To help with the economic development of the entire Yahk-to-Riondel corridor, the regional directors of Areas A, B and C, the Town of Creston and the Yaqan Nukiy (Lower Kootenay Band) have formed an economic action partnership. The partnership has acquired funds of more than a half-million dollars to cover expenses for two years—mostly salaries for staff who are working on regional projects.
Reasons to be here
Garry Jackman, director for Area A, is particularly excited about the idea of attracting amenity migrants—those who move to a place because of the lifestyle it offers rather than its proximity to their work or social circles.
“There are a lot of people in urban centres who have equity and are looking to relocate,” Jackman said, “and it’s not to be closer to work or family members—it’s for nature and quality of life. They’re looking for cleaner air, cleaner water and natural, undeveloped spaces.”
Area A offers all that and more, including excellent real estate prices, but in many cases city dwellers are uncertain if they’ll adjust well to life in a smaller community.
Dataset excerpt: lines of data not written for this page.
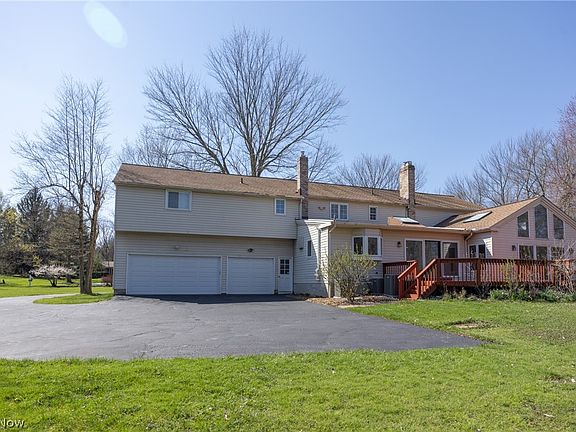 2nd image of 3475 Rolling Hills Dr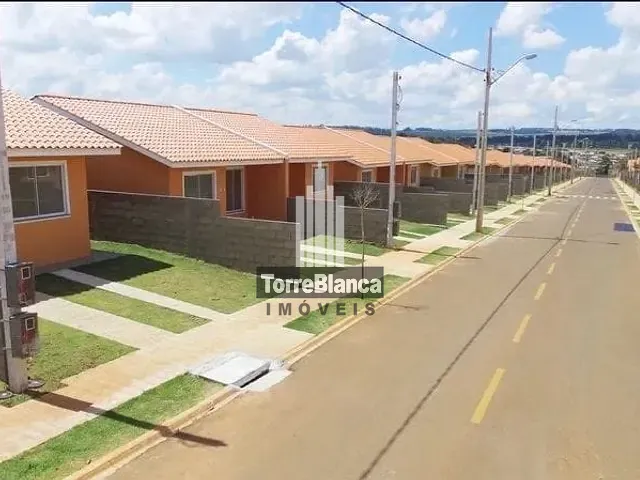 Casa com 214m² 3 quartos e 1 banheiro, à venda, no bairro Cará-Cará em Ponta Grossa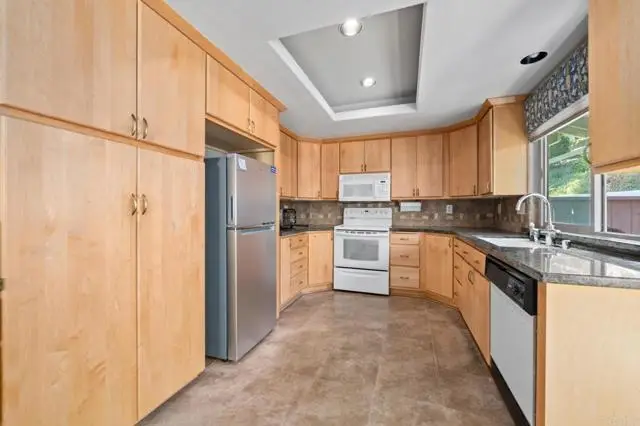 1642 Via Barlovento, San Marcos, CA 92078 - #2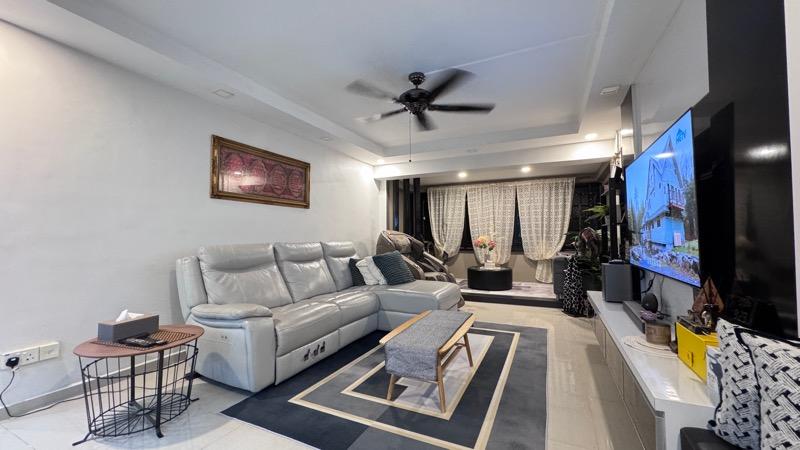 232 Tampines Street 21 HDB Apartment For Sale, $699,000, 3 Bed 2 Bath 1,302 sqft $537.00 psf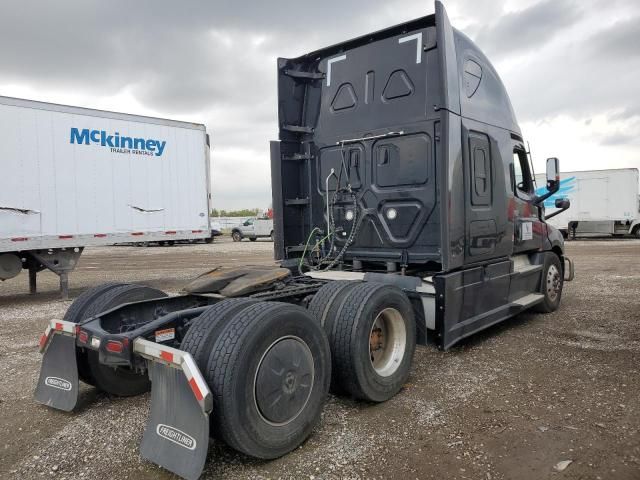 2022 Freightliner Cascadia 126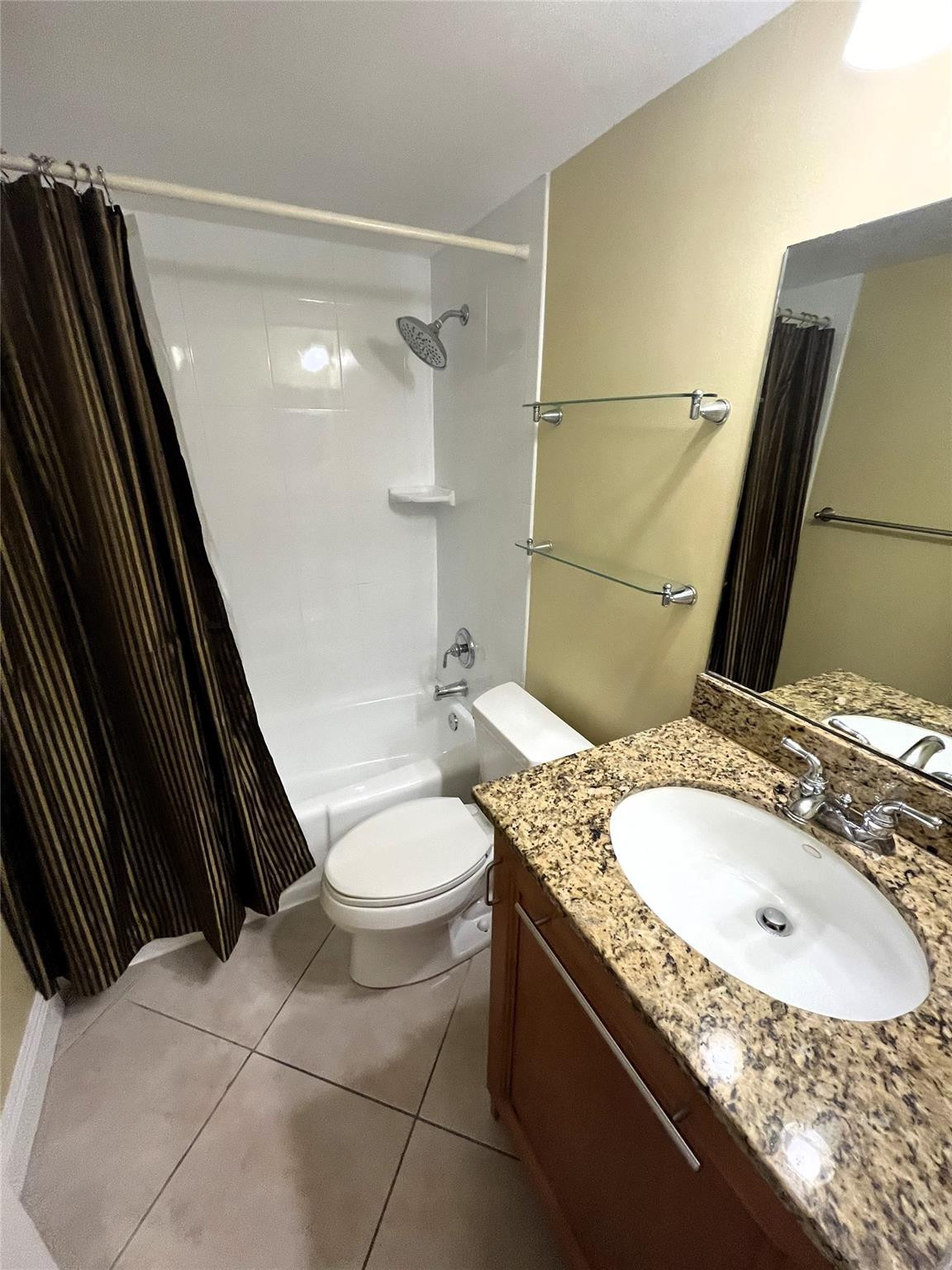 1460 NE 18th #104, Fort Lauderdale FL 33305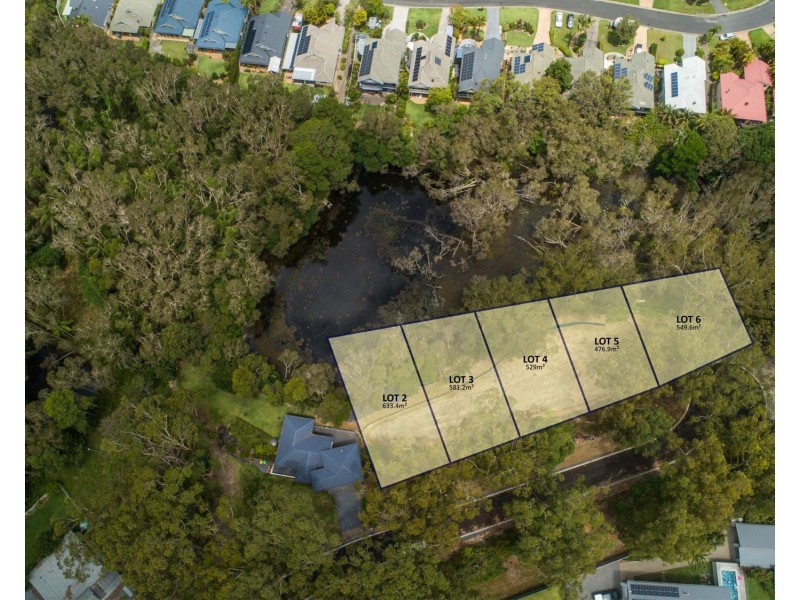 11 Gumtree Glen (Crystal Waters), Sapphire Beach NSW 2450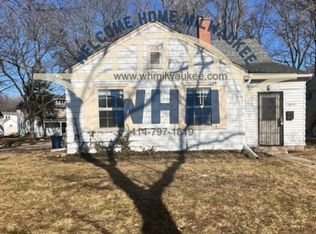 4255 N Sercombe Rd, Milwaukee, WI 53216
They need to know more about the area’s culture.
Information, experience and marketing
To meet that need and ease the way for the desired influx of amenity migrants into Area A, Jackman is supporting the development of detailed profiles of the area’s people, services, organizations, clubs and social activities, with the intention of making that information available to visitors.
“When you move to a small town or a rural area, there are more dinners and potlucks and cribbage nights and vintners clubs and hiking clubs and quilting clubs than you can imagine,” Jackman said. “In the city you may never join any of them, but in a rural area it’s hard not to. And when you do, you’re not just a spectator, you’re a participant.”
For those visitors who are not presently considering relocation, Jackman hopes to cultivate the wish for a return visit. He believes that when people identify a place with a positive experience they had there, they will have a bond with that place and wish to return, or at least to speak positively about it to others.
Area A’s Enhanced Tourism Education Project will create a series of outdoor adventure and health-and-wellness programs, combined with educational components like improving skills, learning safety measures and learning about the history, culture and geology of the area.
“That combination helps to build the identity of the area and fix it in people’s minds,” said Jackman. “We want people to have a story or a skill to take away with them, something alluring to the people they talk to about it.”
Many paths to the same destination
A trained civil engineer himself, Jackman demonstrates an interesting shift in thinking with regard to work possibilities, and he recommends that shift to others who are concerned about finding local employment.
“The mindset that (believes) a person needs one single job isn’t actually accurate,” he said. “You can work at several occupations part-time and make a good living and have a very interesting life.”